The latest edition of the Anti-Crisis Shield legislation intended to address the corona crisis, enacted on 14 May 2020, includes regulations of material relevance to proceedings before the Polish courts.

Deadlines in the course of proceedings begin to run again

The latest iteration of the Shield legislation repeals art. 15 zzs of Shield 1.0 from 2 March 2020 which provided that, for as long as the country is formally in a state of epidemic or of epidemic risk in connection with the Covid-19 outbreak, deadlines in the course of all and sundry proceedings did not begin to run or, for those on which the clock was already ticking, ceased to run.

Under the newest regulations, deadlines in proceedings which have not begun to run in accordance with art. 15zzs shall now begin to run 7 days after the coming into force of the new law (which, in turn, shall occur on the day subsequent to that in which the legislation is published in the Journal of Laws). Deadlines which had already been running but were then suspended, meanwhile, shall resume running 7 days after the coming into force of the new law.

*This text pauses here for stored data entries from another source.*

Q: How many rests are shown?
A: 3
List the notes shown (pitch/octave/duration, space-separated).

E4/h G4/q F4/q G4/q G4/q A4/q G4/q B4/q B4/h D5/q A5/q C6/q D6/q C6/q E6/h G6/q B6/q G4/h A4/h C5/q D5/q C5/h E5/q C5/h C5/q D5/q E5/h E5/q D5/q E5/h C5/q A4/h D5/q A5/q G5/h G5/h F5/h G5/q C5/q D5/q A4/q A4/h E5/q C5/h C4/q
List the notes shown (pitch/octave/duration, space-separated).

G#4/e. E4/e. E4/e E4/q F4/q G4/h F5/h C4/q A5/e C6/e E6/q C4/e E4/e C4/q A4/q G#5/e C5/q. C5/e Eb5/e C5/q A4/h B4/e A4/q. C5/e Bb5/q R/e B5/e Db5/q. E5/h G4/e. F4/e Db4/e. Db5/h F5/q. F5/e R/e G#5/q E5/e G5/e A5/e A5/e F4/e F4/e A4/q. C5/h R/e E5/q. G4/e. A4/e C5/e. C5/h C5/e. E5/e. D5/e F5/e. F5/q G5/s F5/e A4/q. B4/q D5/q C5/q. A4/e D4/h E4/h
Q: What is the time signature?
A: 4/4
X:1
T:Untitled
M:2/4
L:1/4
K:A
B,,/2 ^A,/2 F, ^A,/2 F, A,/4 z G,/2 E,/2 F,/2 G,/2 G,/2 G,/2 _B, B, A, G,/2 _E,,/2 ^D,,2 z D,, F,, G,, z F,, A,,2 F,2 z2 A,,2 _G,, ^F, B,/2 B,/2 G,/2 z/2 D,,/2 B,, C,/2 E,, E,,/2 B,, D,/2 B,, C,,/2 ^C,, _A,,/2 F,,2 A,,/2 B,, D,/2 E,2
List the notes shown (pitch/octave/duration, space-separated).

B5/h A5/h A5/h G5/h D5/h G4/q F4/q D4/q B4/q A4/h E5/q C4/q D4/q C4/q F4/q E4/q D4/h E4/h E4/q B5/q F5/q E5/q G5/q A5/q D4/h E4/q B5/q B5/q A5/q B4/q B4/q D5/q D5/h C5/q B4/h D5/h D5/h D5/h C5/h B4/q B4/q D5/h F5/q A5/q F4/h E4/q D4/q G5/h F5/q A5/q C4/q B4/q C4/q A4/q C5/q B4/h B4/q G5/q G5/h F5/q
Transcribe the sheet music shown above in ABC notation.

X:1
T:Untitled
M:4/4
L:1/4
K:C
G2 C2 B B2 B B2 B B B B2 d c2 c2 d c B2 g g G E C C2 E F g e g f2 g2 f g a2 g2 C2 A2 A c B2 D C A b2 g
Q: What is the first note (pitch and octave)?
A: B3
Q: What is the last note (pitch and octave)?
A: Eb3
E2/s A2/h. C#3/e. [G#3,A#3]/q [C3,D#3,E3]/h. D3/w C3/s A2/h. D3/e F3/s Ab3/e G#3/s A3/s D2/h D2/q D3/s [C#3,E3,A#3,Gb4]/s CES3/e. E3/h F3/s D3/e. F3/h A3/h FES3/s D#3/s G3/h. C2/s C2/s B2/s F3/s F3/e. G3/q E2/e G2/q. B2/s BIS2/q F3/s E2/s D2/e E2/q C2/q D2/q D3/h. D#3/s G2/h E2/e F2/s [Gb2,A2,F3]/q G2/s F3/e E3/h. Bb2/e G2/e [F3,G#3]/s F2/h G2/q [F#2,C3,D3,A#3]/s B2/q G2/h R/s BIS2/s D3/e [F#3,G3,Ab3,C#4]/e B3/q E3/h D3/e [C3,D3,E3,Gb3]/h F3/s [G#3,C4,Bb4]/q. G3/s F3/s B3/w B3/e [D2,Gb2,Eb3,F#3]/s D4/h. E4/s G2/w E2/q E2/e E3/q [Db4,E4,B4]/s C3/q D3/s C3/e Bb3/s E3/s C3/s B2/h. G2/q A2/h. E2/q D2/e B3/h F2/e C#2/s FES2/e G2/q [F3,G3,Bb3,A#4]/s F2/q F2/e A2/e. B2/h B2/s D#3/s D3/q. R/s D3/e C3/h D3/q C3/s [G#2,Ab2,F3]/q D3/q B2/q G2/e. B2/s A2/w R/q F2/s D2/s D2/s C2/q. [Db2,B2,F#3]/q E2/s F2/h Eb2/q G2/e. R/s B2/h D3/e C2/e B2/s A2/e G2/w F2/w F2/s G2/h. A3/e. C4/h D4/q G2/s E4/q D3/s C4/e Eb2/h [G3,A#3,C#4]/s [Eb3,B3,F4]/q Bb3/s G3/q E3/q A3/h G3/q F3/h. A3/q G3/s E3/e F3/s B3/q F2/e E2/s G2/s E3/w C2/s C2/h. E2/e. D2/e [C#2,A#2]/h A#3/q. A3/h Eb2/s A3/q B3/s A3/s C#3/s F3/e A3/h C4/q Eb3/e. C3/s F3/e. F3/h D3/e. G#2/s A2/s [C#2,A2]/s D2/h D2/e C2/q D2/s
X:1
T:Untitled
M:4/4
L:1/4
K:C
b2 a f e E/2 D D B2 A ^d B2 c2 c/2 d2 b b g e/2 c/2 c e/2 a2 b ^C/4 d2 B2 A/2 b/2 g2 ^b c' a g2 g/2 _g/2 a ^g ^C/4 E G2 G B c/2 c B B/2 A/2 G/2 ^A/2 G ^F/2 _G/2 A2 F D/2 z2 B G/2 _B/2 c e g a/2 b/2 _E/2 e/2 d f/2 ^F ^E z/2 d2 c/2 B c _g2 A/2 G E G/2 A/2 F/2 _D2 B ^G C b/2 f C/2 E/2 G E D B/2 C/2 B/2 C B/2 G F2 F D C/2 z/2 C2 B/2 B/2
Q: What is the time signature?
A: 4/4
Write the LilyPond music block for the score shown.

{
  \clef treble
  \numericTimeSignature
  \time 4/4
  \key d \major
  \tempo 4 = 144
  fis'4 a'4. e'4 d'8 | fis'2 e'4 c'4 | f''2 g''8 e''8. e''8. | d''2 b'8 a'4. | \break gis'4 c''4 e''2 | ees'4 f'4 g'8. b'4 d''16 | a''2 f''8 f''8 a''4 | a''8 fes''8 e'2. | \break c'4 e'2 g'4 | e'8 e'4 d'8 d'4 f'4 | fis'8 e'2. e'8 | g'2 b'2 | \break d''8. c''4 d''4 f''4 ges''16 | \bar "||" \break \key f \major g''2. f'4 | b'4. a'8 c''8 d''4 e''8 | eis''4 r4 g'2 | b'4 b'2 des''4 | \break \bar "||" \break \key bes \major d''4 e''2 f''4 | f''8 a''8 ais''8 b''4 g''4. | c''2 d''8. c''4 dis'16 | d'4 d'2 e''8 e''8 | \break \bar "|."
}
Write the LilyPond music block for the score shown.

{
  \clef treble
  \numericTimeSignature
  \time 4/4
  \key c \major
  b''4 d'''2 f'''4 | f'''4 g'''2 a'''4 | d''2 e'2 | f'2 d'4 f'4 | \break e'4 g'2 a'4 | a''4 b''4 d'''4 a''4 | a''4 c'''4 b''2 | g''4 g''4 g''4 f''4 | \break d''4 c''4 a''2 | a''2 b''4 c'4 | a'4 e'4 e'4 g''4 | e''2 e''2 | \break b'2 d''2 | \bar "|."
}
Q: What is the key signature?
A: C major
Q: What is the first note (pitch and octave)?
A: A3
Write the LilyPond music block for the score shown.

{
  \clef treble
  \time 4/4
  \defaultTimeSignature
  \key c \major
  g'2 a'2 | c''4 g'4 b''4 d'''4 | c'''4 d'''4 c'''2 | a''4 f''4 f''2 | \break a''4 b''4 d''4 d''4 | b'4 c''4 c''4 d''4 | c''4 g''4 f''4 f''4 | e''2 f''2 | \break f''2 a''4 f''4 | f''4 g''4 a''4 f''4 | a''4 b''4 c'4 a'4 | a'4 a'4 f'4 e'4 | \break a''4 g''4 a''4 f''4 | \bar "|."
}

This amendment amounts to an unequivocal signal that it is the general intent of the legislature to reopen the courts after what has been a well-nigh complete lockdown over the past weeks.

Court hearings to resume

A separate issue is presented in the extent to which it is safe to hold court sessions. Art. 15.6 zzs of the original Anti-Crisis Shield from March 2020 provided that, while the country remains on an epidemic risk footing, open hearings may be held in urgent cases only. The newest Shield from 14 May 2020 now repeals this provision, with the effect that, once it has come into force, there will be no legislative counterindications to holding open hearings and sessions also in cases which do not qualify as urgent.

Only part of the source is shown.